Next, we reviewed the time dependency of the drug efficacy of propofol EDTA and propofol. Propofol EDTA and propofol (10 mg/kg intravenously at 10 mins before or after MCAO) apparently decreased the cerebral infarction, whereas no clear effects were observed in the groups treated at 1 h after MCAO. Indeed, propofol EDTA and propofol, when administered 10 mins before MCAO, each significantly reduced infarct volume and brain swelling (Figures 2A and 2B). When propofol EDTA was administered after MCAO, infarct area and infarct volume were significantly reduced, but brain swelling was not (versus vehicle-treated mice). When administered after MCAO, propofol alone also displayed a neuroprotective effect, but the effect, was if any, weaker than that of propofol EDTA. When propofol EDTA or propofol was administered 1 h after MCAO, there was no reduction in infarct area, infarct volume, and brain swelling (edema) (versus vehicle-treated mice). The mortality rate, infarct volume, and neurologic deficit scores after MCAO were compared among the treatment groups when examined over a 7-day period. Seven of 15 (46.7% mortality), 6 of 13 (46.2%), and 7 of 14 (50.0%) mice died in the intralipid, 10 mg/kg propofol EDTA, and 10 mg/kg propofol treatment groups, respectively. No significant differences in mortality rate were observed among the treatment groups. Moreover, propofol EDTA decreased infarct volume significantly at 7 days after MCAO (versus vehicle) (Figure 3A). Thus, overall propofol EDTA displayed greater neuroprotection than propofol.

Figure 2

(A) Effects of propofol EDTA and propofol on infarct volume at 24 h after permanent MCAO (each treatment being administered intravenously (10 mg/kg) 10 mins before, after, or 1 h after the occlusion). Infarct areas in brain slices were stained with 2% TTC. *P < 0.05, **P < 0.01 versus vehicle (Dunnett's test); n = 9 to 14. (B) Effects of propofol EDTA and propofol (details as in (A)) on brain swelling at 24 h after permanent MCAO. *P < 0.05, **P < 0.01 versus vehicle (Dunnett's test); n = 9 to 14. (C) Effects of propofol EDTA and propofol (details as in (A)) on neurologic deficits at 24 h after permanent MCAO. *P < 0.05 versus vehicle (Mann—Whitney U-test); n = 9 to 14. Values are mean ± s.d.

Figure 3

(A) Effects of propofol EDTA and propofol on infarct volume at 7 days after permanent MCAO (each treatment being administered intravenously (10 mg/kg) 10 mins before). *P < 0.05 versus vehicle (Dunnett's test); n = 7 to 8. (B) Effects of propofol EDTA and propofol (details as in (A)) on neurologic deficits at 7 days after permanent MCAO. *P < 0.05 versus vehicle (Mann—Whitney U-test); n = 7 to 8. Values are mean ± s.d.

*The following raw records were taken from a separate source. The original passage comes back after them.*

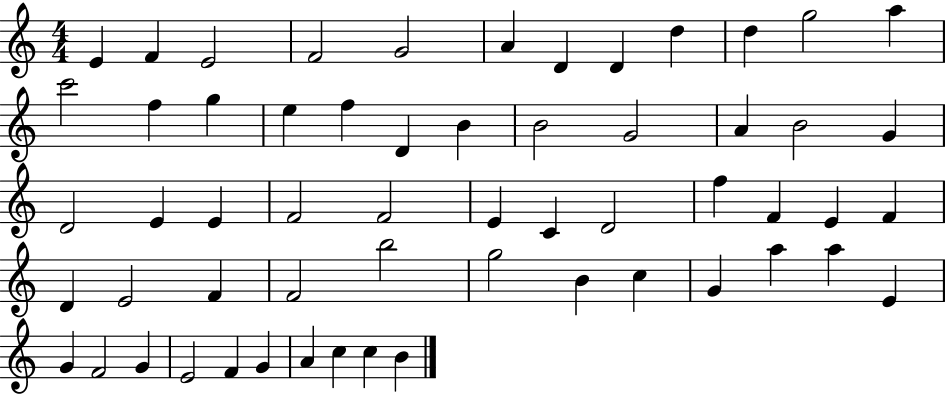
X:1
T:Untitled
M:4/4
L:1/4
K:C
E F E2 F2 G2 A D D d d g2 a c'2 f g e f D B B2 G2 A B2 G D2 E E F2 F2 E C D2 f F E F D E2 F F2 b2 g2 B c G a a E G F2 G E2 F G A c c B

Similarly, administration of propofol EDTA at 10 mins before (but not at, after, or 1 h after) MCAO led to a significant reduction in the scores given for neurologic deficits (Figure 2C). In addition propofol EDTA decreased the neurologic scores significantly at 7 days after MCAO (versus vehicle) (Figure 3B). Further, regional analysis revealed that treatment with propofol EDTA or propofol at 10 mins before ischemia reduced both infarct area and infarct volume in the cortex (Figure 4), although only propofol EDTA reduced infarct volume in the subcortex.

Figure 4

(A) Brain infarct areas (in cortex or subcortex) at 24 h after permanent middle cerebral artery (MCA) occlusion in mice. Propofol EDTA or propofol (each 10 mg/kg intravenously) was administered 10 mins before MCAO. *P < 0.05, **P < 0.01 versus vehicle (Dunnett's test); n = 12 to 14. (B) Brain infarct volumes (in cortex or subcortex) at 24 h after permanent MCAO. *P < 0.05, **P < 0.01 versus vehicle (Dunnett's test); n = 12 to 14. Values are mean ± s.d.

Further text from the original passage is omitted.